• _Instructions to follow_
Everything in the data should be repeated exactly, save for the images.
=== Dataset entries ===
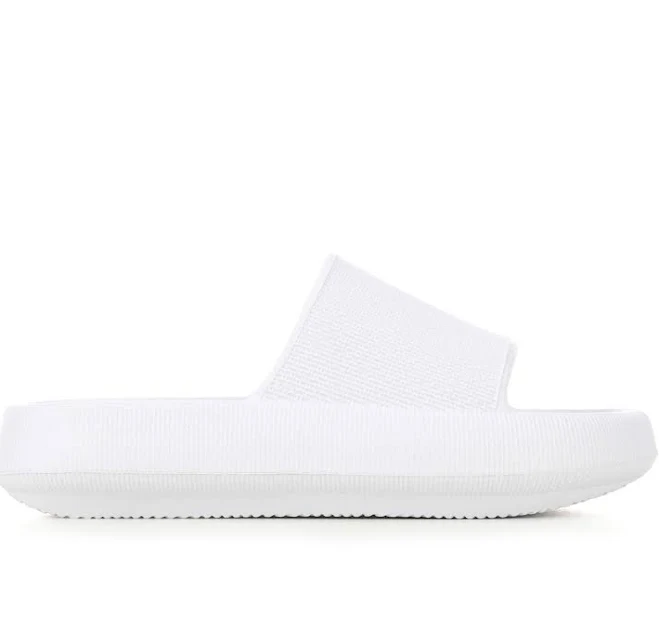 shoes MIA Women's Camyl Platform Slide Sandals Shoe Carnival $19.98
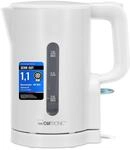 Clatronic&reg; Wasserkocher 1L | 900W | BPA frei | Einhandbedienung 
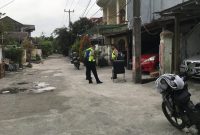 Polisi Bersenjata Lengkap Jaga Kediaman John Kei Pasca Penggerebekan tadi Malam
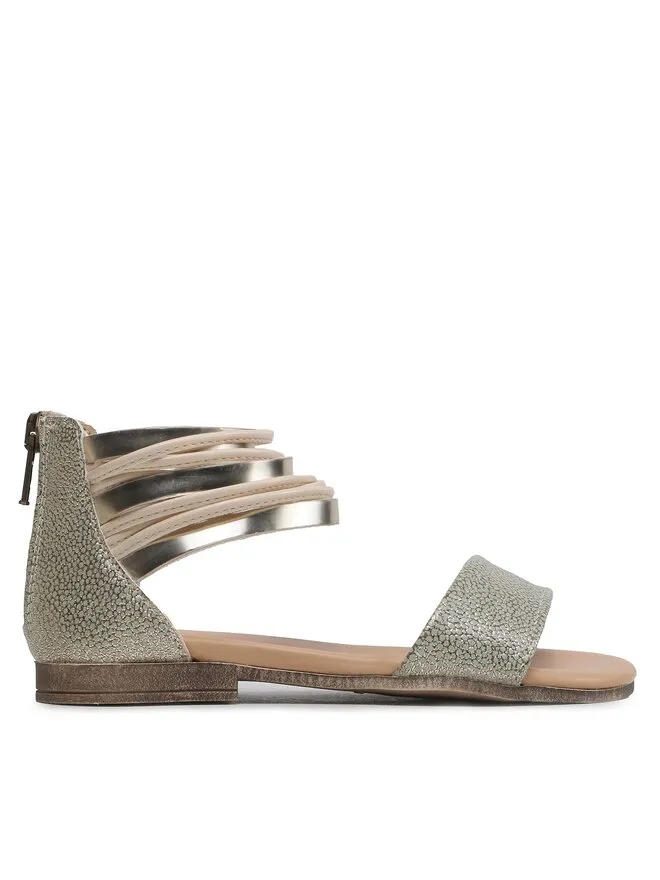 Σανδάλια · Ασημί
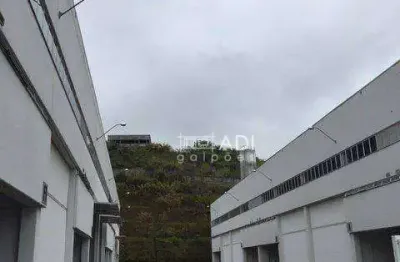 Galpão logístico para locação - 1.100 m² - rod. castello branco - jandira - sp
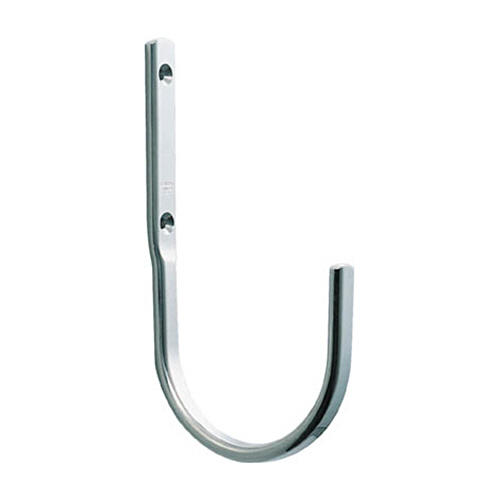 ｽﾃﾝﾚｽ製ｼﾞｬﾝﾎﾞﾌｯｸ 110×200mm(110-029-176) 1個画像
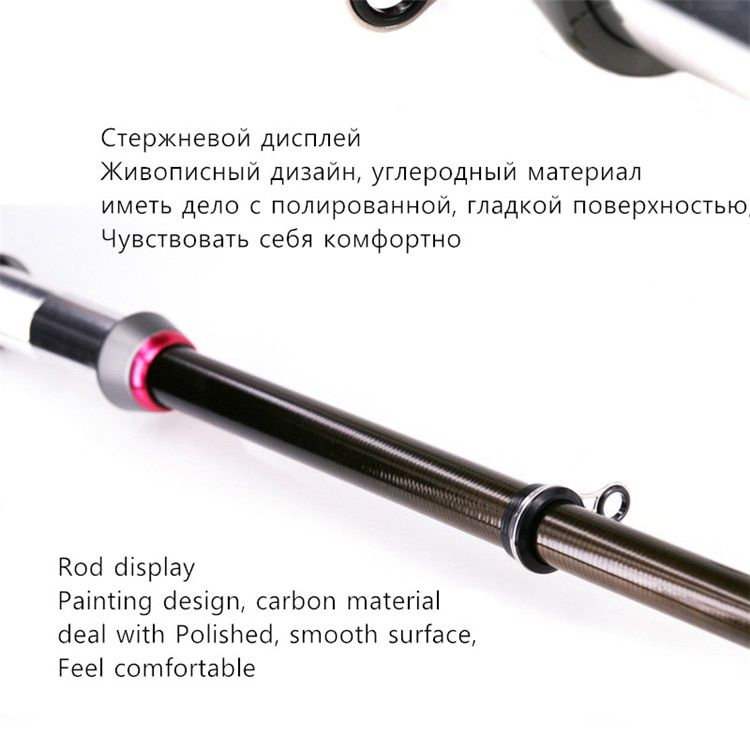 Mini Pocket Size Carbon Telescopic Fishing Rod Ultra Light Rod 1.3m 1.5m 1.8m 2.1m 2.4m 2.7m Fishing Rod Spinning Fishing Pole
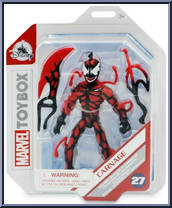 Carnage from Marvel Toybox - Basic Series manufactured by Disney [Front]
===
• _Task response_
 shoes MIA Women's Camyl Platform Slide Sandals Shoe Carnival $19.98
 Clatronic&reg; Wasserkocher 1L | 900W | BPA frei | Einhandbedienung 
 Polisi Bersenjata Lengkap Jaga Kediaman John Kei Pasca Penggerebekan tadi Malam
 Σανδάλια · Ασημί
 Galpão logístico para locação - 1.100 m² - rod. castello branco - jandira - sp
 ｽﾃﾝﾚｽ製ｼﾞｬﾝﾎﾞﾌｯｸ 110×200mm(110-029-176) 1個画像
 Mini Pocket Size Carbon Telescopic Fishing Rod Ultra Light Rod 1.3m 1.5m 1.8m 2.1m 2.4m 2.7m Fishing Rod Spinning Fishing Pole
 Carnage from Marvel Toybox - Basic Series manufactured by Disney [Front]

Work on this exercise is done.